7. Term; Termination. This Agreement is effective as of the Effective Date and will continue unless earlier terminated as set forth below (the “Term”). Either party may terminate this Agreement at any time, without penalty and with or without cause, upon ten (10) days’ written notice to the other party (provided that any actual and reasonable expenses incurred by Arm in providing such Services in accordance with Section 5 shall be payable provided they were incurred prior to the termination date).

8. Intellectual property.

a. Arm shall grant SBG a perpetual non-exclusive, irrevocable, royalty-free, world-wide license to use, copy, display, distribute, transmit and prepare derivative works of: (i) the products and data resulting from the Services (collectively, the “Work Products”) and Arm’s intellectual property in the Work Products (to be referred to as “Foreground IP”); and (ii) all its technology or material created or discovered before the date of this Agreement (the “Background IP”), for the purpose set forth in the SOW and as may otherwise be necessary to exploit or realise the benefit of the Services. Arm retains all right, title and interest in all its Work Products, Foreground IP and Background IP except as expressly licensed in this Section 8 or as further set out in the SOW. Nothing herein shall serve to preclude Arm Group from any right, title, or interest in and to its independently or contemporaneously developed technology, materials, designs, or processes.

b. SBG shall have no obligation to provide any ideas, suggestions or recommendations in relation to the Services (“Feedback”) to Arm. It is recognised that SBG may, under one or more specific SOWs, choose to voluntarily provide Feedback to Arm. If and to the extent the parties consider that, during the course of a specific SOW, SBG may offer Feedback of a technical engineering nature that also relate to Arm’s products or Arm’s services (“Technical Feedback”), then the parties agree to negotiate in good faith provisions to be included in the relevant SOW which recognise that in cases where Arm continues to freely develop its own products and services outside of the scope of the SOW, it will need to be able to do so without risk of being contaminated or IP blocked by the fact that Technical Feedback has been provided. If Feedback of any other nature is freely provided by SBG then, unless separately provided for in a specific SOW, that Feedback may only be used to the extent necessary for Arm to perform the Services.

9. Independent Contractor; No Employee Benefits; No Acquired Employment Rights.
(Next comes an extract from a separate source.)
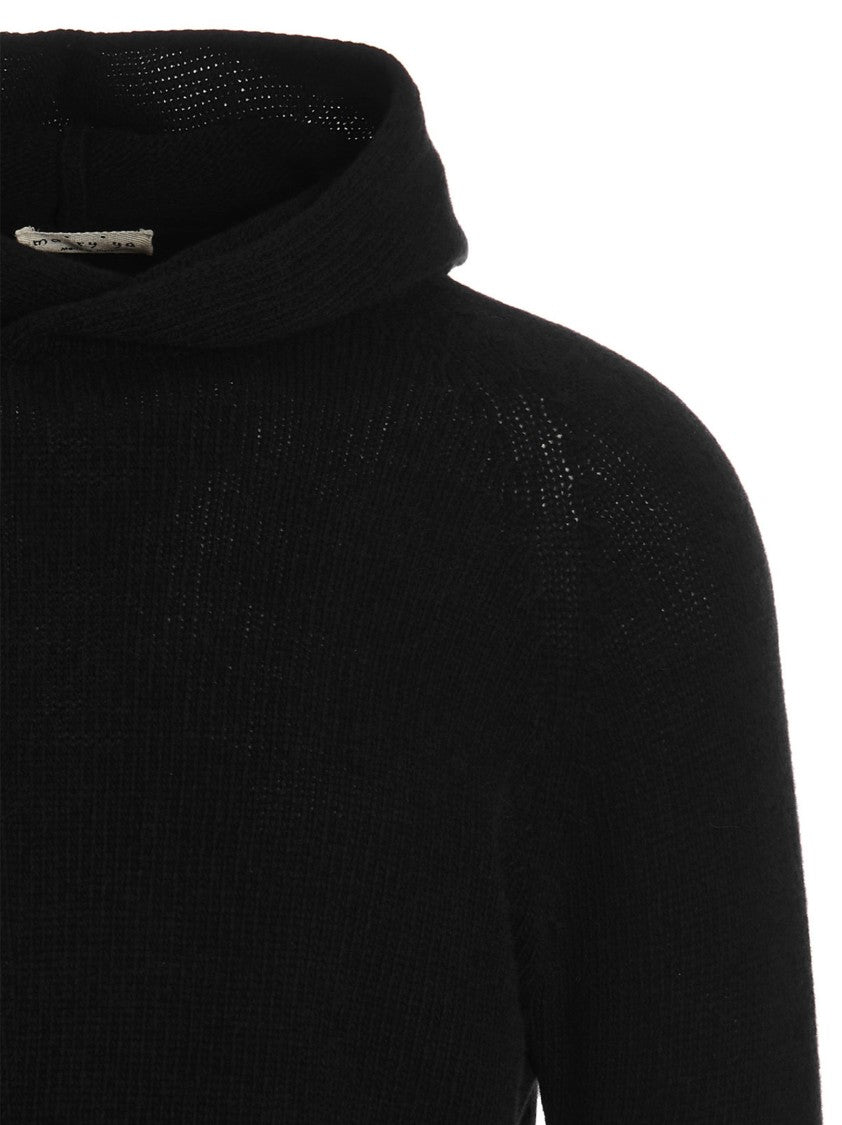 Ma'ry'ya Hooded Sweater With Side Splits And Long Cuffed Sleeves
Arm agrees that it is an independent contractor solely responsible for the manner and hours in which Services are performed and for the employment or engagement of the Consultants, is solely responsible for all statutory, regulatory or contractual obligations of any sort, and is not entitled to participate in any employee benefit plans, group insurance arrangements or similar programs of SBG solely by entering into this Agreement. Arm further agrees that SBG shall not be obliged to arrange, maintain or fund any insurance policies for the benefit of Arm or any of the Consultants in relation to the Services. The parties do not intend that the employment of any Consultant (or any related rights or liabilities) shall transfer to SBG pursuant to the U.K. Transfer of Undertakings (Protection of Employment) Regulations 2006 or any laws or regulations having similar effect in any other jurisdiction by virtue of the commencement or termination of any Services provided under this Agreement or any SOW.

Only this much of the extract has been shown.